[[ Study material, beginning ]]
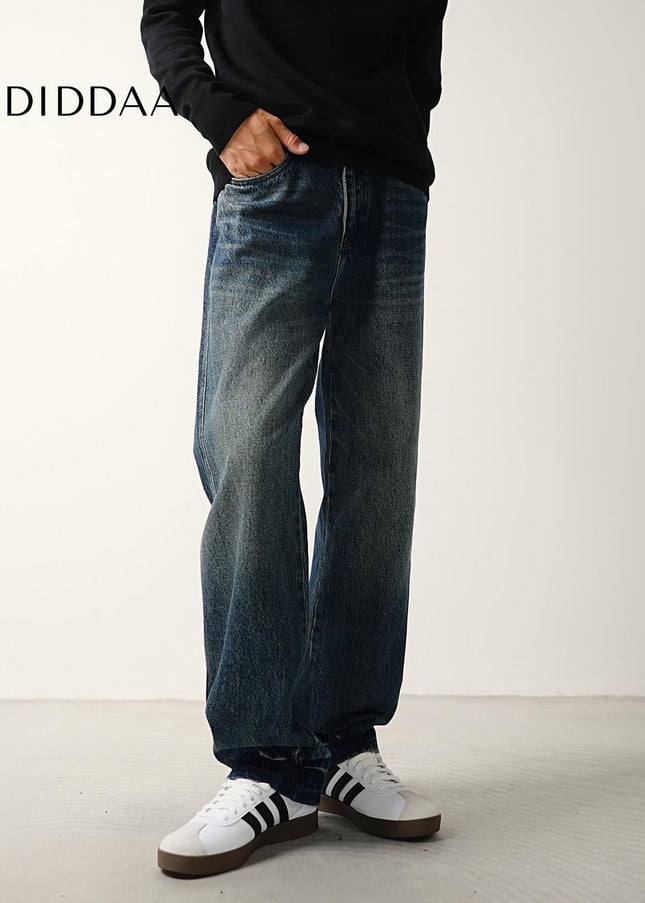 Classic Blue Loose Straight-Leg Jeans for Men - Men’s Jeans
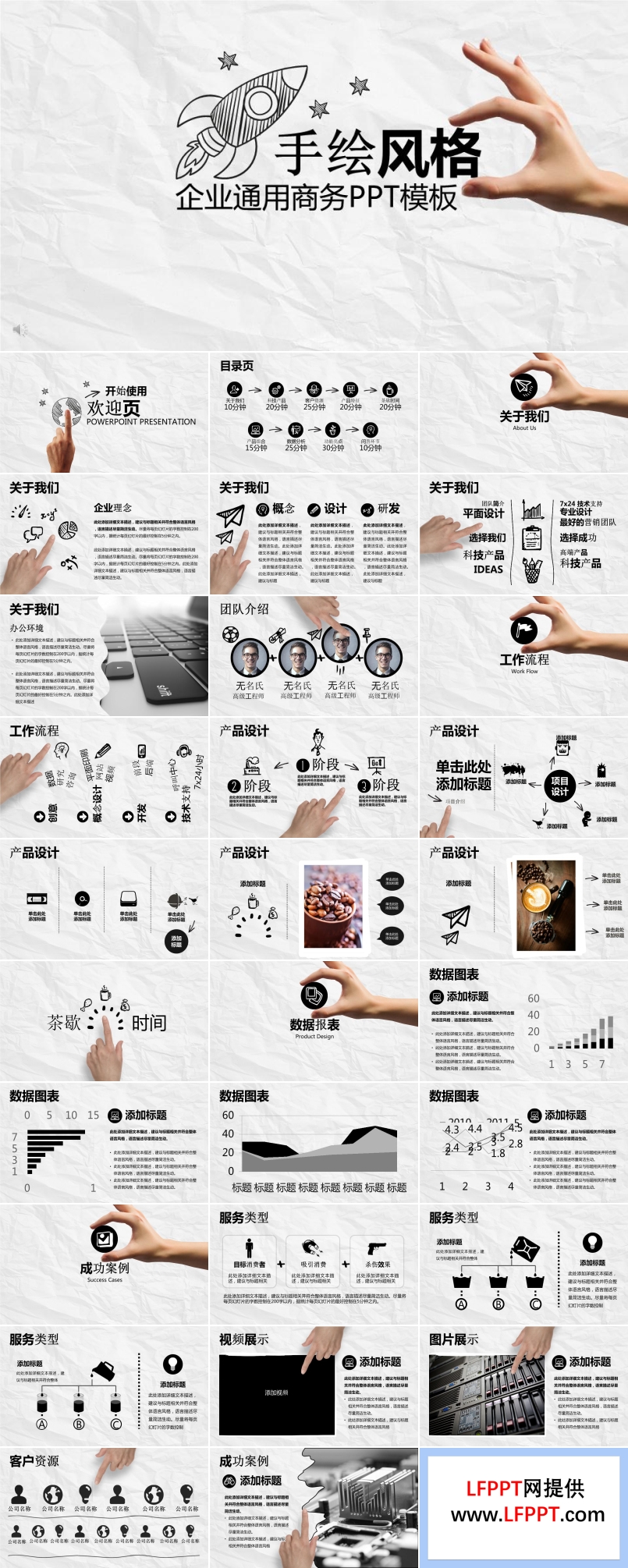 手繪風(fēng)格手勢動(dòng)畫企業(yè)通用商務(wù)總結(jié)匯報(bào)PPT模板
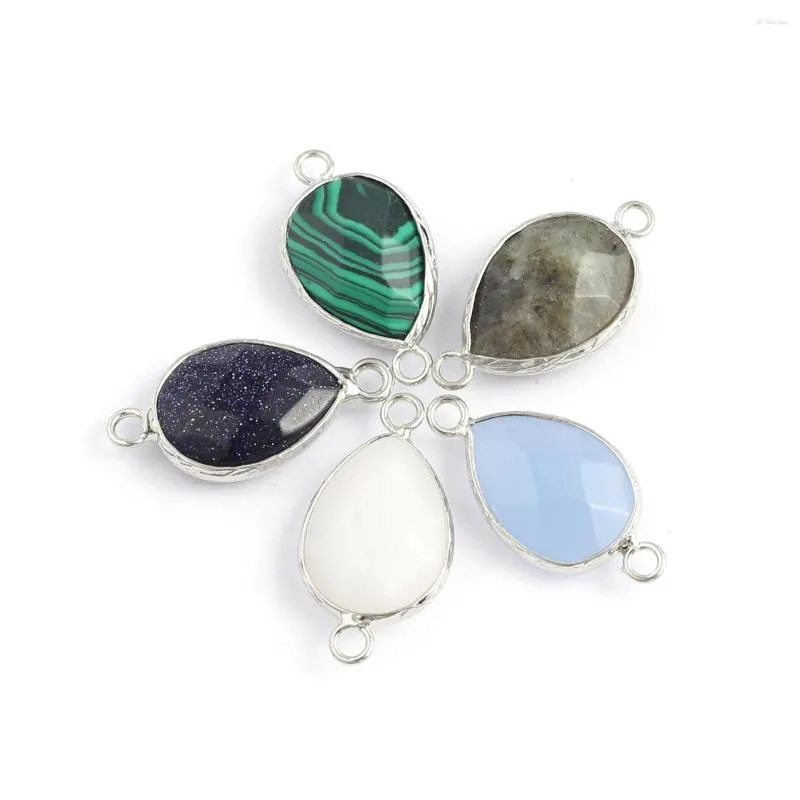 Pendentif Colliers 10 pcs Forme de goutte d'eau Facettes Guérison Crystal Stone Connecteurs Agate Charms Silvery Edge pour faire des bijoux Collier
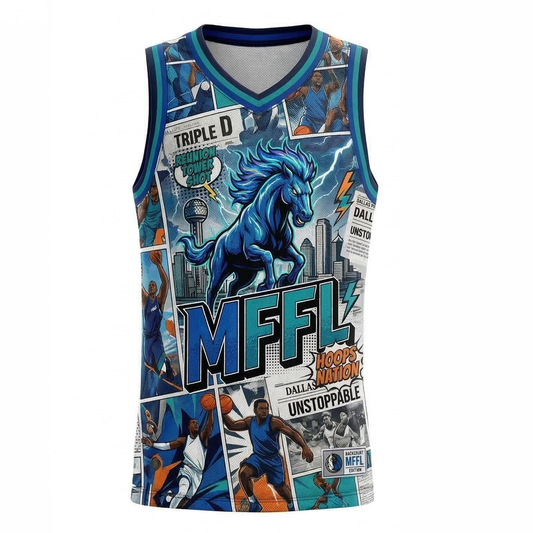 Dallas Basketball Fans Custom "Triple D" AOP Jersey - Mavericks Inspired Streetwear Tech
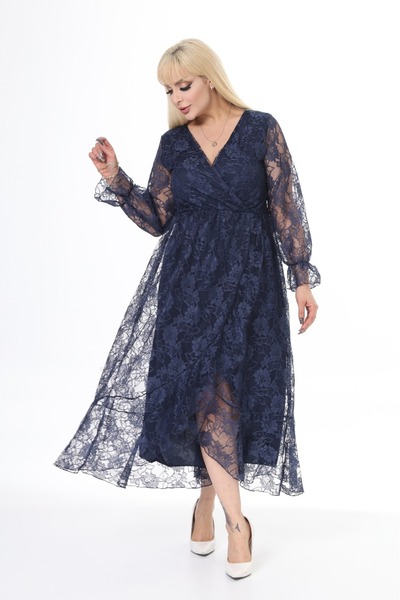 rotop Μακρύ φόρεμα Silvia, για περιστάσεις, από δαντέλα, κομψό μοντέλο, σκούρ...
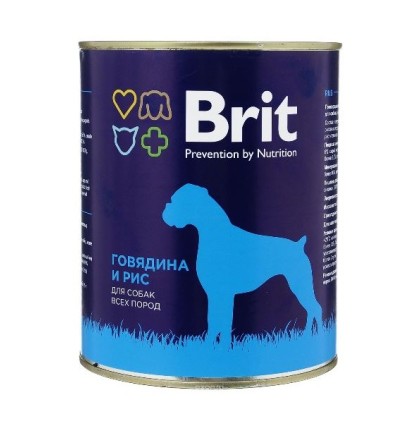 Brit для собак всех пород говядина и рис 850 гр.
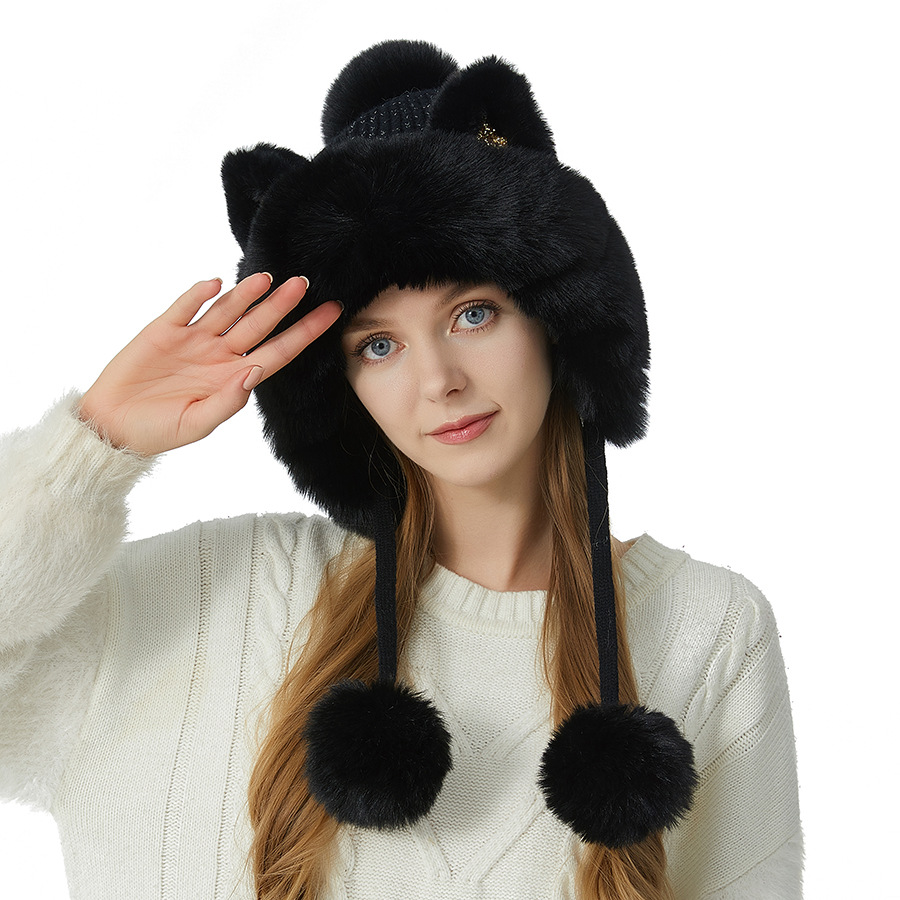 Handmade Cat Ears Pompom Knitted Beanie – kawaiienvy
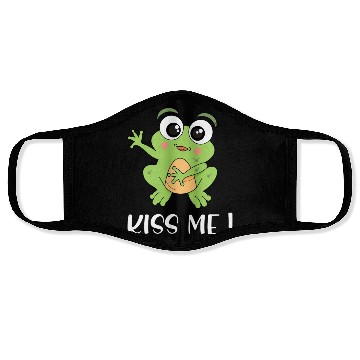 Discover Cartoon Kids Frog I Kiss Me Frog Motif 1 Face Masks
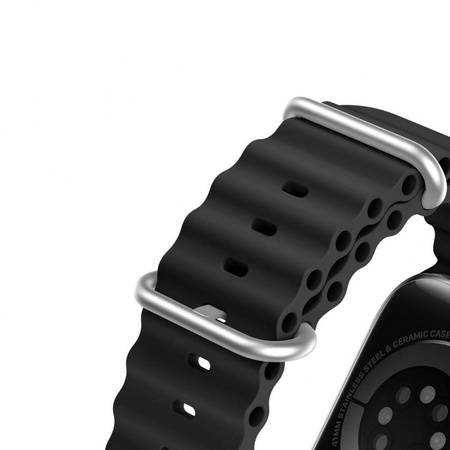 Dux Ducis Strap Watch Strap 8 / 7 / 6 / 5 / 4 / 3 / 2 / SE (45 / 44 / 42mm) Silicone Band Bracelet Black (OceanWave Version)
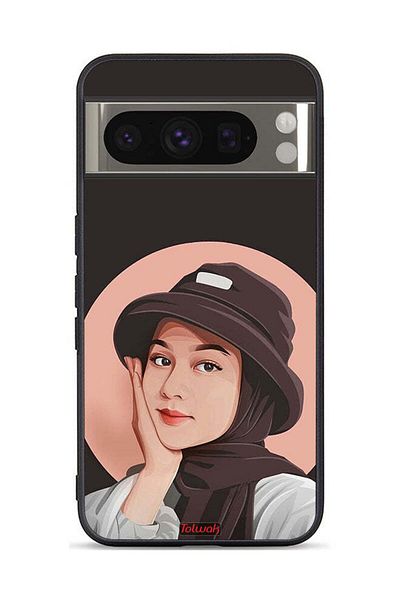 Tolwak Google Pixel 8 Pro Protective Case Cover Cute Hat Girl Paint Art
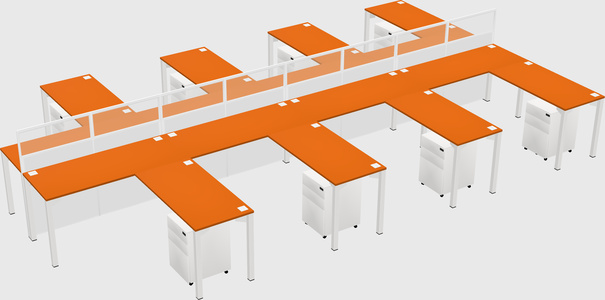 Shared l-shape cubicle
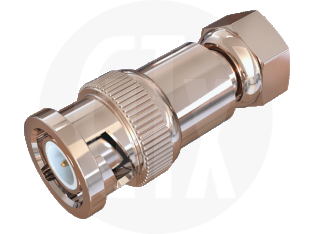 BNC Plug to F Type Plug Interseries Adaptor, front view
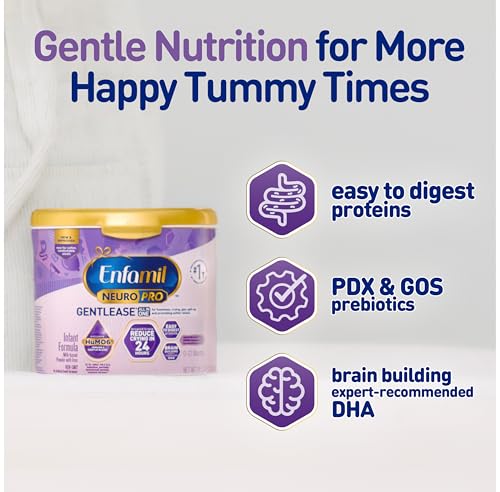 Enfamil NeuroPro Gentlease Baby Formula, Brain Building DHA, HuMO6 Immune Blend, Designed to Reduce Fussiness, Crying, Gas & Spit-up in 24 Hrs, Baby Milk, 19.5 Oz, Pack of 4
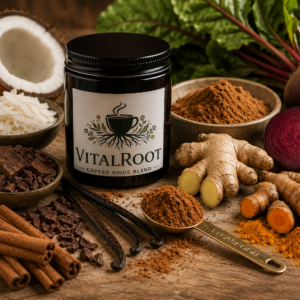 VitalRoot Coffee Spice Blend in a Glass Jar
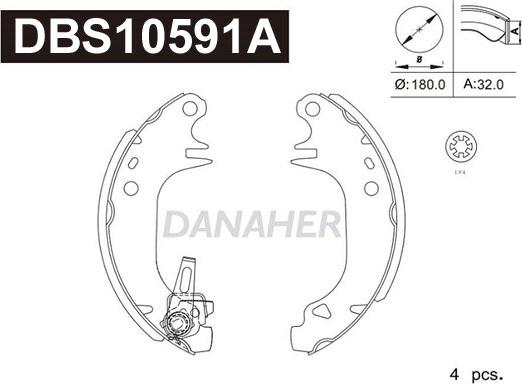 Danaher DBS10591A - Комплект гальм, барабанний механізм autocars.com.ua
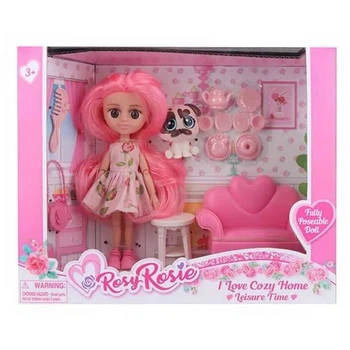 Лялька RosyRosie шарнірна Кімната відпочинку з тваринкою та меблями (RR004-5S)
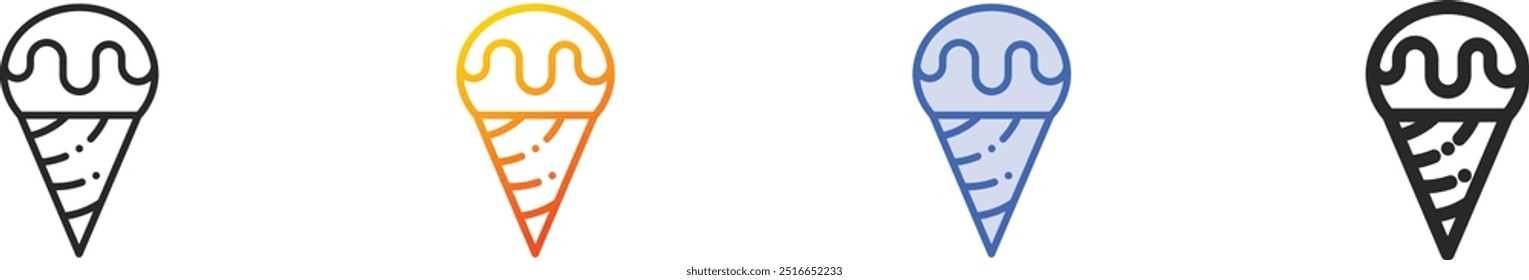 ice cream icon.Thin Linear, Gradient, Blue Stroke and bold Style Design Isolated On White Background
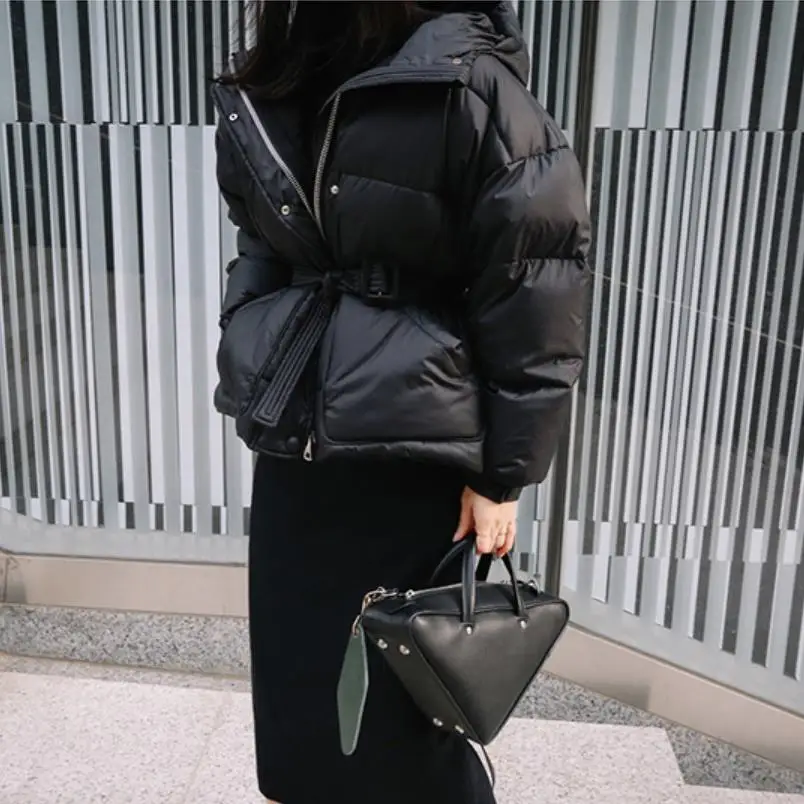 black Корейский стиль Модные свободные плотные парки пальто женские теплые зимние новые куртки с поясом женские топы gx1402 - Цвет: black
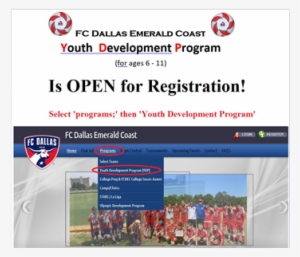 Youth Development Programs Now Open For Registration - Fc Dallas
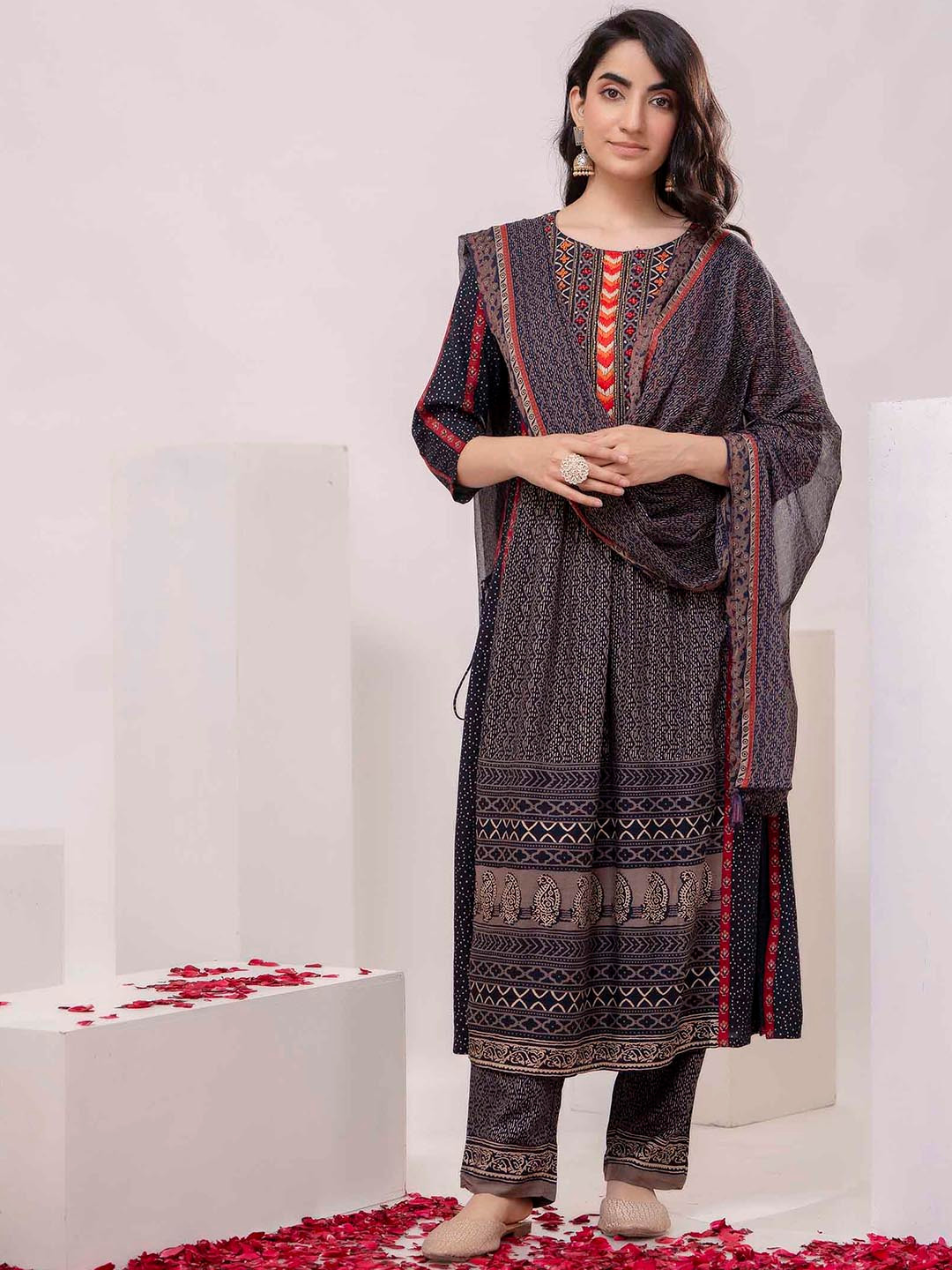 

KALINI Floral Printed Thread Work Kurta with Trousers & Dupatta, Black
[[ Study material, end ]]
→ Problem description
A verbatim copy of the data, pictures removed, is the expected result.

→ Response for this exercise
 Classic Blue Loose Straight-Leg Jeans for Men - Men’s Jeans
 手繪風(fēng)格手勢動(dòng)畫企業(yè)通用商務(wù)總結(jié)匯報(bào)PPT模板
 Pendentif Colliers 10 pcs Forme de goutte d'eau Facettes Guérison Crystal Stone Connecteurs Agate Charms Silvery Edge pour faire des bijoux Collier
 Dallas Basketball Fans Custom "Triple D" AOP Jersey - Mavericks Inspired Streetwear Tech
 rotop Μακρύ φόρεμα Silvia, για περιστάσεις, από δαντέλα, κομψό μοντέλο, σκούρ...
 Brit для собак всех пород говядина и рис 850 гр.
 Handmade Cat Ears Pompom Knitted Beanie – kawaiienvy
 Discover Cartoon Kids Frog I Kiss Me Frog Motif 1 Face Masks
 Dux Ducis Strap Watch Strap 8 / 7 / 6 / 5 / 4 / 3 / 2 / SE (45 / 44 / 42mm) Silicone Band Bracelet Black (OceanWave Version)
 Tolwak Google Pixel 8 Pro Protective Case Cover Cute Hat Girl Paint Art
 Shared l-shape cubicle
 BNC Plug to F Type Plug Interseries Adaptor, front view
 Enfamil NeuroPro Gentlease Baby Formula, Brain Building DHA, HuMO6 Immune Blend, Designed to Reduce Fussiness, Crying, Gas & Spit-up in 24 Hrs, Baby Milk, 19.5 Oz, Pack of 4
 VitalRoot Coffee Spice Blend in a Glass Jar
 Danaher DBS10591A - Комплект гальм, барабанний механізм autocars.com.ua
 Лялька RosyRosie шарнірна Кімната відпочинку з тваринкою та меблями (RR004-5S)
 ice cream icon.Thin Linear, Gradient, Blue Stroke and bold Style Design Isolated On White Background
 black Корейский стиль Модные свободные плотные парки пальто женские теплые зимние новые куртки с поясом женские топы gx1402 - Цвет: black
 Youth Development Programs Now Open For Registration - Fc Dallas

KALINI Floral Printed Thread Work Kurta with Trousers & Dupatta, Black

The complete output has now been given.